Scraped caption text data -
──────────────────────────────
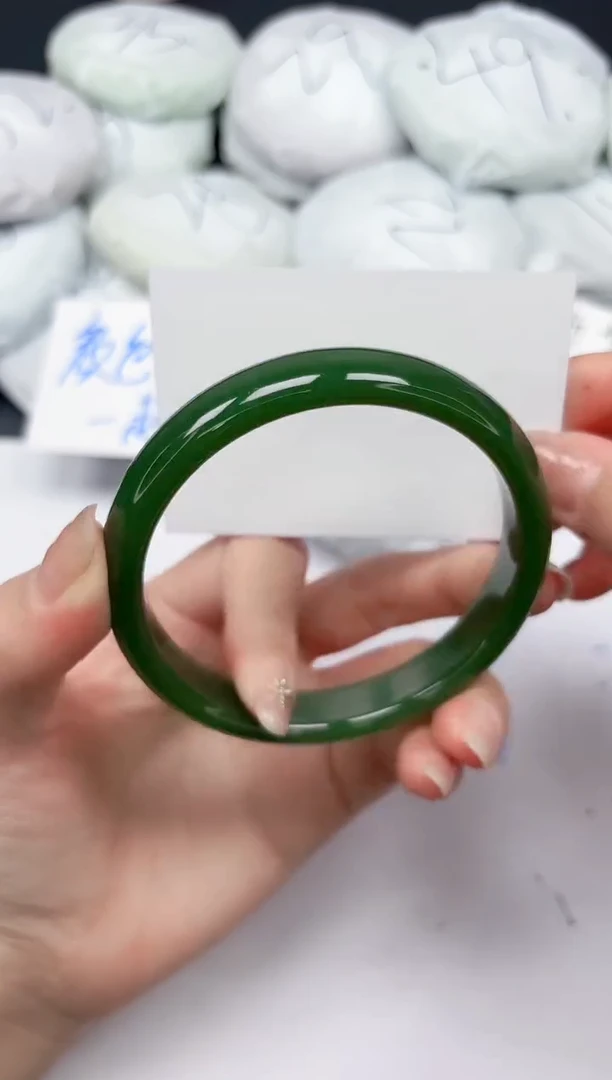 未镶嵌手镯石英质玉A101/66.1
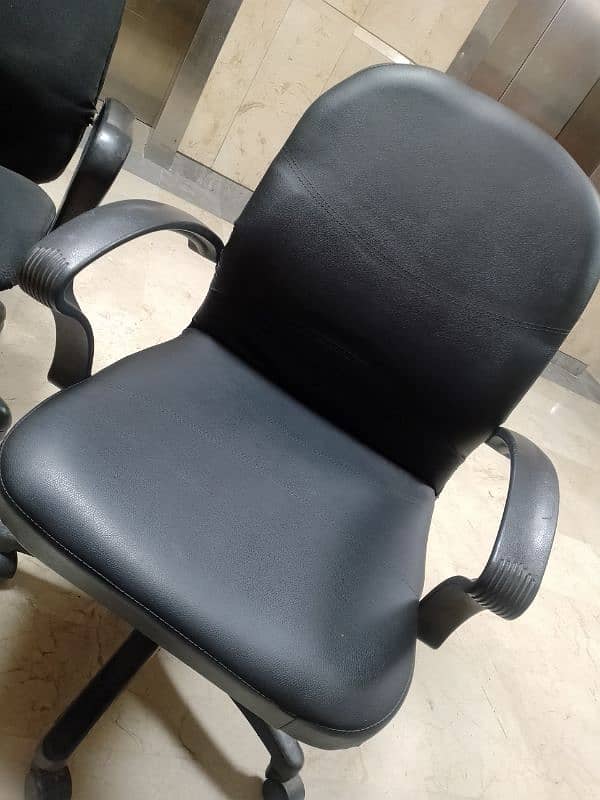 Office chairs for sale in Blue Area Islamabad 1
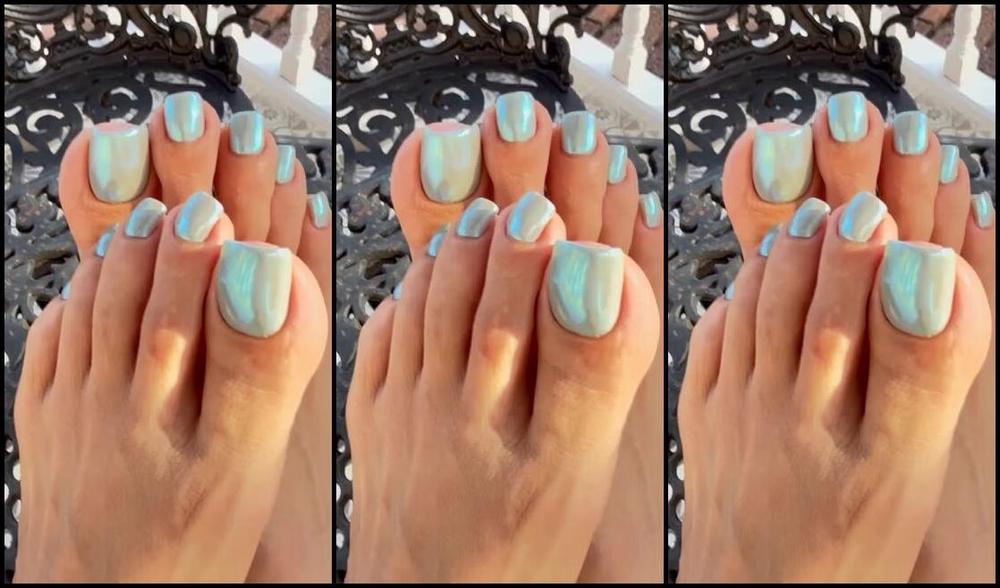 Worldsexiestfeet 12 18 2024 Onlyfans Video Took This Clip When I Just Finished Walking In My Garden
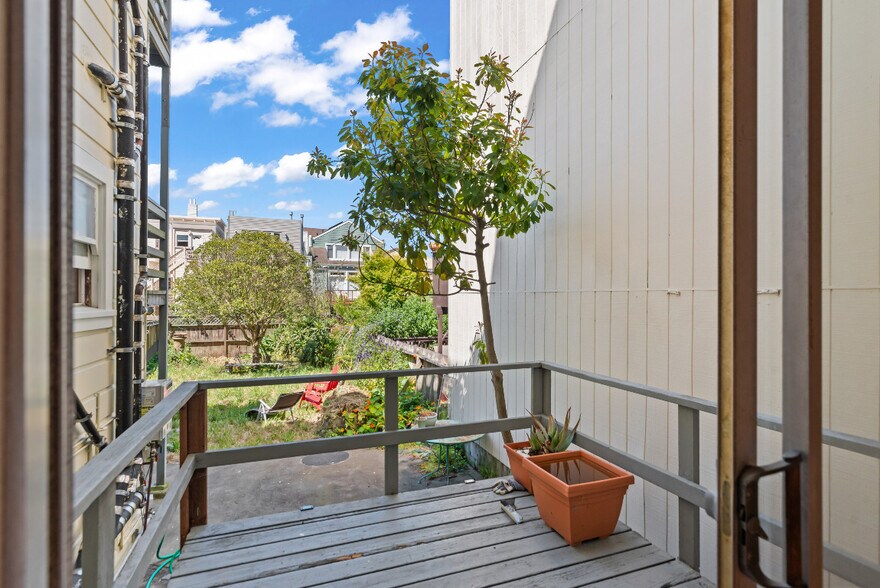 Building Photo - 39A Cook St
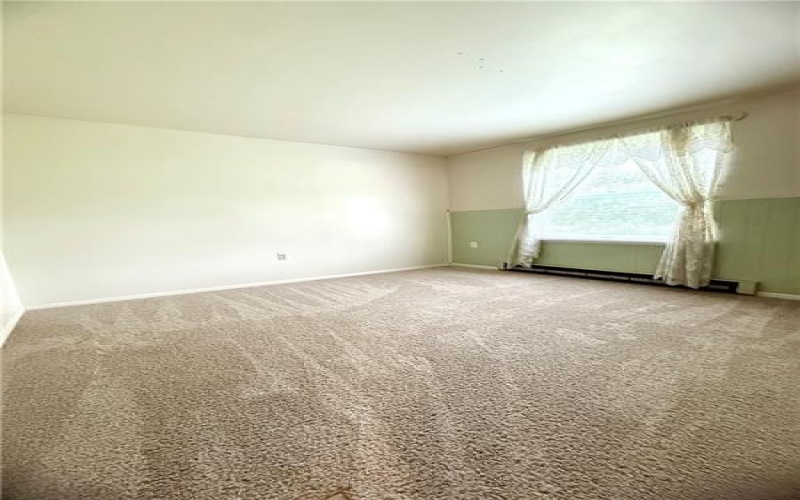 226 Cottage Ave, Masontown, 15461, 3 Bedrooms Bedrooms, 6 Rooms Rooms,2.1 BathroomsBathrooms,Residential,For Sale,Cottage Ave,1729057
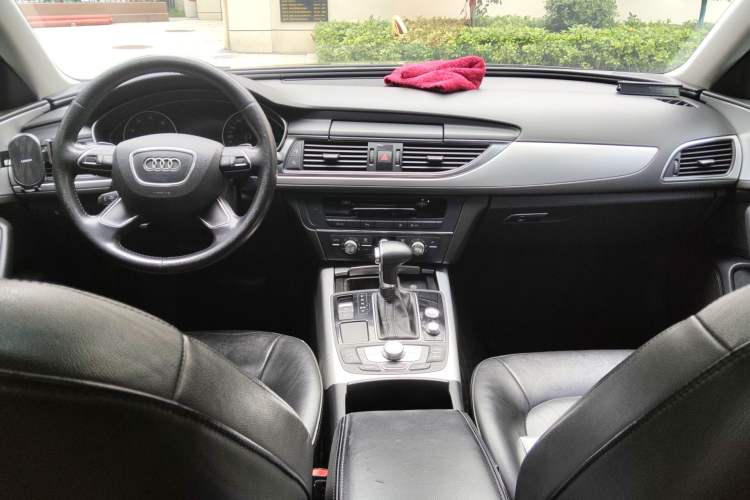 Used Audi A6L 2012 30 FSI Technology Edition Center Console
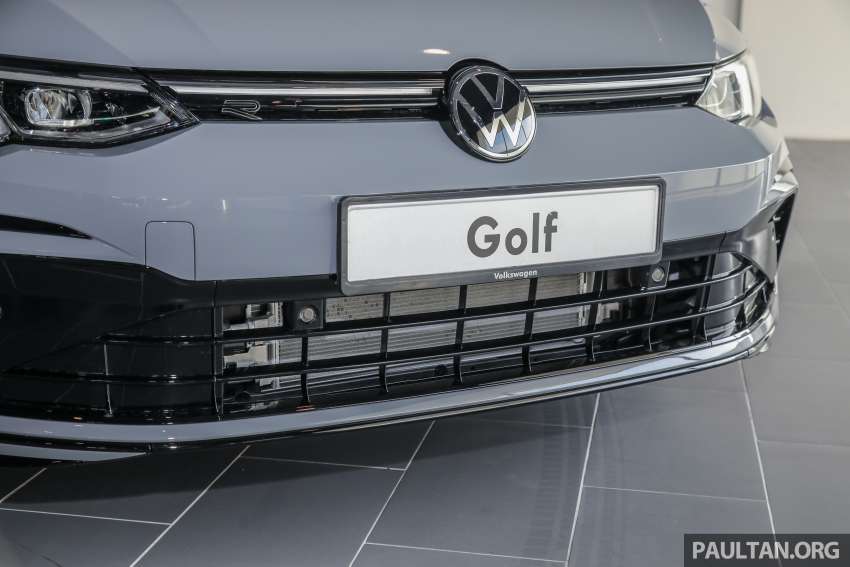 2022 Volkswagen Golf GTI and R-Line Mk8 in Malaysia 1396594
──────────────────────────────
REQUIREMENT - Return exactly the lines from the one containing "Worldsexiestfeet 12 18" through the end of the records, leaving out every picture.

OUTPUT -
 Worldsexiestfeet 12 18 2024 Onlyfans Video Took This Clip When I Just Finished Walking In My Garden
 Building Photo - 39A Cook St
 226 Cottage Ave, Masontown, 15461, 3 Bedrooms Bedrooms, 6 Rooms Rooms,2.1 BathroomsBathrooms,Residential,For Sale,Cottage Ave,1729057
 Used Audi A6L 2012 30 FSI Technology Edition Center Console
 2022 Volkswagen Golf GTI and R-Line Mk8 in Malaysia 1396594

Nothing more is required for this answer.